Election coverage a bit too serious? TV had lighter options

By Frazier Moore, The Associated Press

NEW YORK, N.Y. – Viewers looking for a respite from serious presidential election coverage from TV newscasters got a reprieve on Tuesday as alternative voices also got in the act, including comics and other offbeat political observers.

Not content with their regular daytime jawfest, the ladies of ABC’s “The View” took over Lifetime for a 2 1/2-hour live prime-time special.

This version of “The View” was stocked with the usual drop-leaf table and screaming studio audience, along with election results and appearances by the likes of Lena Dunham, Will Forte and Mario Cantone (though missing veteran panelist Whoopi Goldberg, who had a prior commitment).

“I feel like it’s New Year’s Eve,” said host Joy Behar at the start of the show as she calmed the crowd down, then invited viewers to “grab a drink out there — and make sure that’s all you grab.”

That was 9 p.m. Eastern. By 11 p.m., new election-night options were even more freewheeling — and, with GOP candidate Donald Trump demonstrating startling strength at the polls, these shows shared a certain mordant tone.

Cable’s Viceland presented “Desus and Mero’s Live Election Special” with the stars of its late-night talk show, comedians Desus Nice and The Kid Mero, hosting what took on an end-of-the-world theme.

“We’re really live,” said Nice, “which is why we’re kind of despondent about what’s going on with the results.”

There were correspondents on-site at campaign headquarters.
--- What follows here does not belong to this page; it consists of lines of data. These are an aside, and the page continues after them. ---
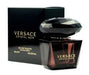 Versace Crystal Noir Eau de Toilette 90ml Spray - Fragrance at MyPerfumeShop by Versace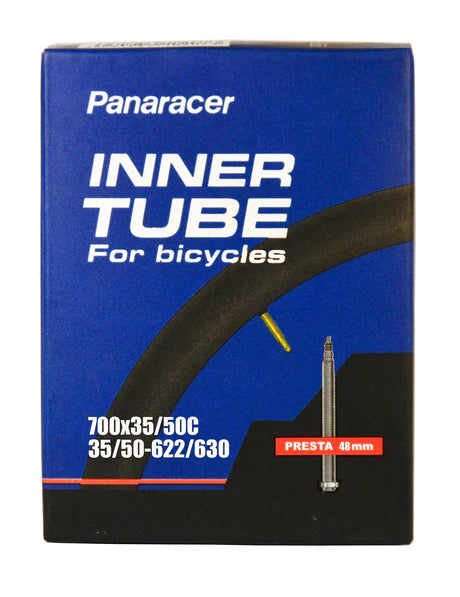 PANARACER 700 x 35/50c 48mm Tube
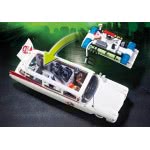Playmobil Ghostbusters Ecto-1 9220 4008789092205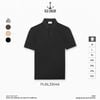 Áo Polo Nam Spiral Old Sailor - PLBL33046 - Big Size Upto 5XL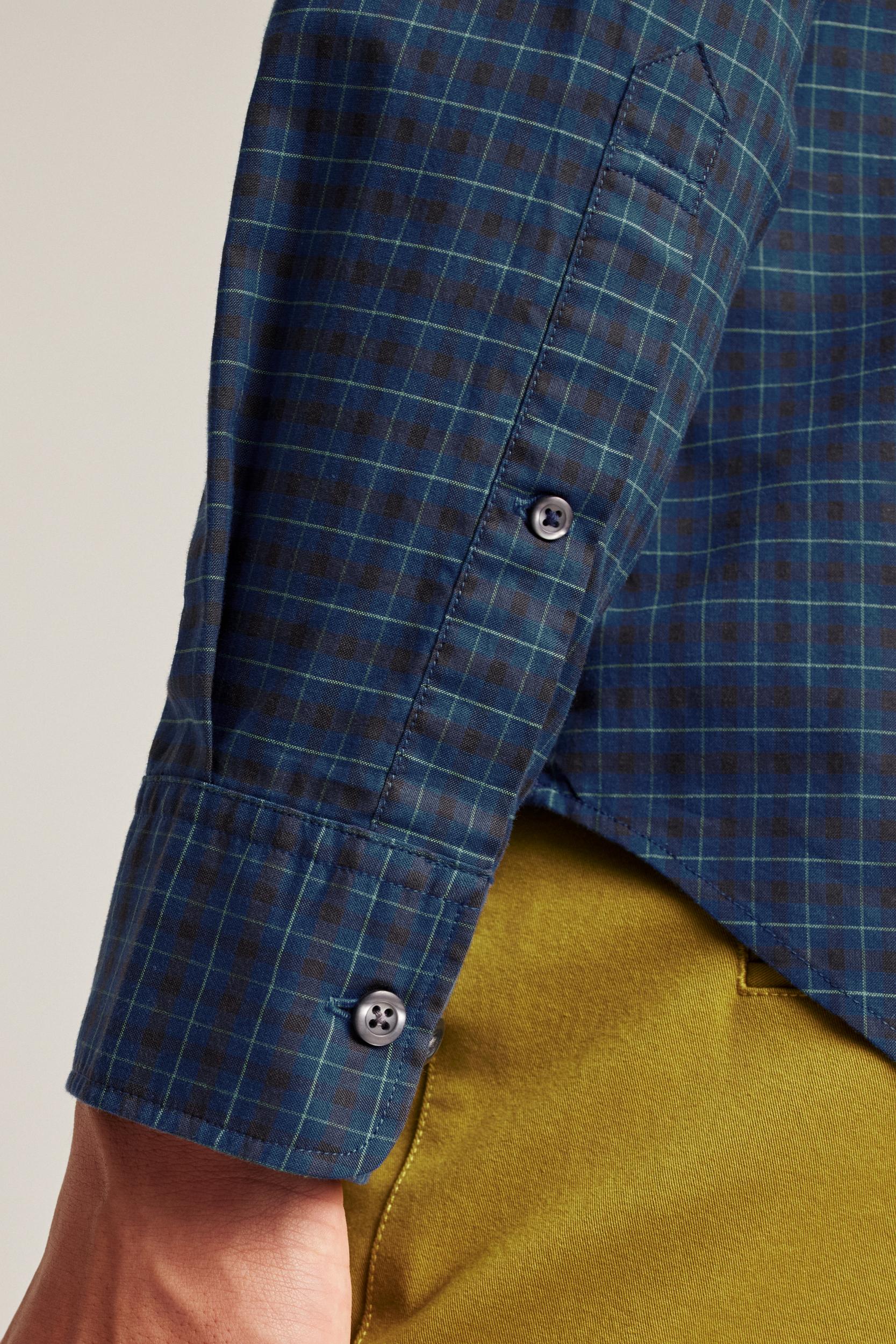 Everyday Shirt Product Image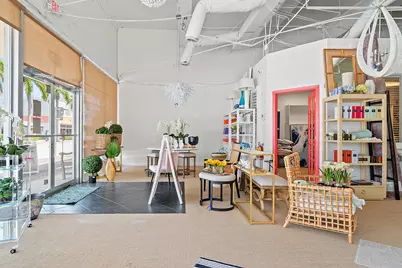 117 NE 5th Avenue #B, Delray Beach, FL 33483 - Photo 14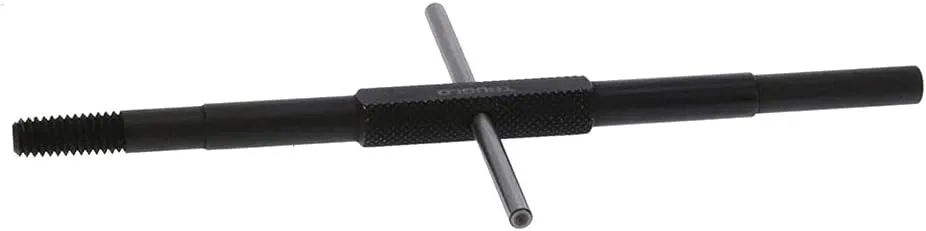 TRUGLO Glock Channel Liner Combo Tool (TG970GL)
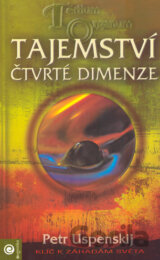 Tajemství čtvrté dimenze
Meanwhile, another correspondent seated at his MacBook in the Vice newsroom moaned, “I got a little bit too depressed to keep reading the news, so what I’m doing right now is researching some anarchist groups that you can still join.”

Comedy Central upheld a long tradition of live election-night coverage with “Daily Show” host Trevor Noah presiding over a “news” special titled “No, No, Please, No, Oh God, No! Nooooooo!!!!!!”

But Noah kicked off his hour by dispensing with comedy.

“I genuinely don’t understand how America can be this disorganized or this hateful, I don’t know which it is,” he said. “Right now, I’d call it a nail-biter if I had any nails left.”

He cut to “Senior Hillary Correspondent” Desi Lydic reporting with a forced smile that, at Clinton headquarters, “Everything is fine … We will just have to wait a LITTLE bit longer than expected to find out if America prefers a competent sane woman or a misogynist troll doll. Somehow, it’s still too close to call.”

Stephen Colbert’s rival late-night broadcast hosts were bumped for their respective networks’ straight-news political coverage. But Colbert was on duty, transporting his “Late Show” from CBS to sister network Showtime for a live, f-bomb-accented hour on that premium cable outlet.

Dubbed his “Live Election Night Democracy Series Finale,” Colbert greeted the crowd at the Ed Sullivan Theater with an up-to-that-minute assessment: “Here we are — the end of the election. Can you believe it? What a year tonight has been. Right now the election is too close to call and too terrifying to contemplate.”

“Are you on edge?” he asked his audience, who yelled in the affirmative. “I think everyone’s on edge. Specifically, the edge of the country, waiting for Trump to win so they can walk into Canada.”

The hour was not without updates. Making full use of Showtime’s permissiveness, Colbert read a news flash — that Florida Senator Marco Rubio had won re-election — from a card taped at crotch level to an otherwise naked body builder.

A few minutes later, Colbert clung to a slender reed of hope by declaring the election still too close to call.

Recalling the famous blundered newspaper headline proclaiming that “Dewey Defeats Truman,” he explained he didn’t want to make an erroneous forecast. So he was willing to make only two predictions:

— That the next president would come from New York.

— And a fitting headline might be: “Election Defeats America.”